Isolated Anterior Mesenteric Neurofibroma: A Rare Manifestation of Neurofibromatosis Type 1
Sara Ouassil, Mariem Touraif, Soumia Mrhar, Najoua Aballa, Isaac Mpanya Ntumba, Hussein Choukri Ahmanna, Ibtissam Zouita, Dounia Basraoui, Salma Foura, Mohamed Oulad Saiad, Mohammed Bouskraoui, Hicham Jalal

TL;DR
A rare case of a mesenteric neurofibroma in a child with Neurofibromatosis Type 1 is reported, diagnosed through imaging and confirmed by pathology.
Contribution
This case highlights an uncommon manifestation of NF1 in the gastrointestinal tract, specifically an isolated jejunal mesenteric neurofibroma.
Findings
An isolated jejunal mesenteric neurofibroma was diagnosed in a nine-year-old child with NF1.
Chronic abdominal pain led to imaging and histopathological confirmation of the tumor.

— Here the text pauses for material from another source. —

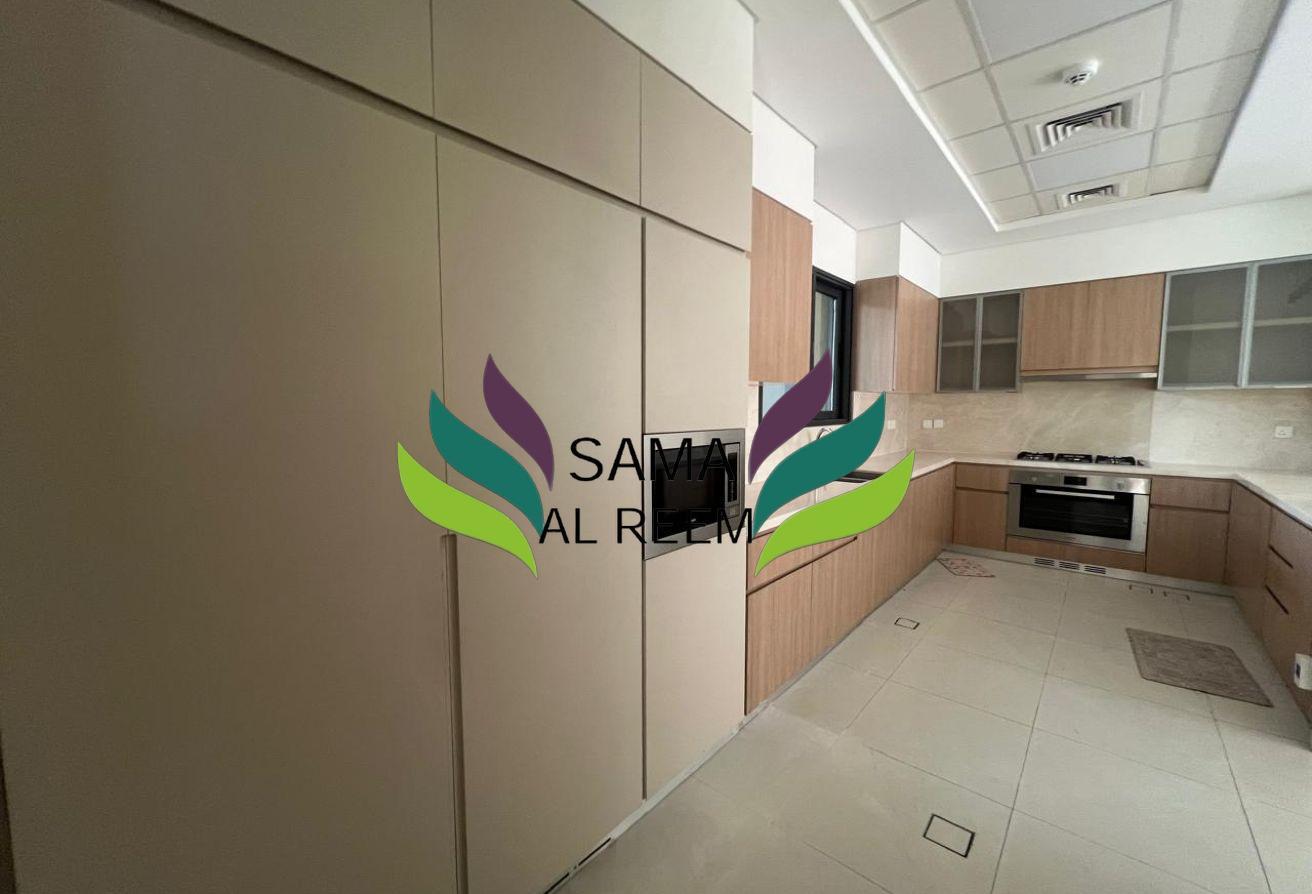 Lovely 3 Bed+Maid Compound Villa In Al Barsha 1 photo 11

The case underscores the variability and rarity of gastrointestinal manifestations in NF1.
Abstract
Neurofibromatosis type 1 (NF1), also known as Von Recklinghausen disease, is a multisystemic, hereditary, autosomal dominant condition. It is caused by the development of tumors in the nervous system, resulting from mutations in the NF1 gene located on chromosome 17q11.2. Gastrointestinal involvement is mainly extraperitoneal, with mesentery lesions being the least common. We report a case of an isolated jejunal mesenteric neurofibroma diagnosed by ultrasound and CT scan and confirmed by histopathological examination in a nine-year-old child with diffuse café-au-lait spots who presented with chronic abdominal pain.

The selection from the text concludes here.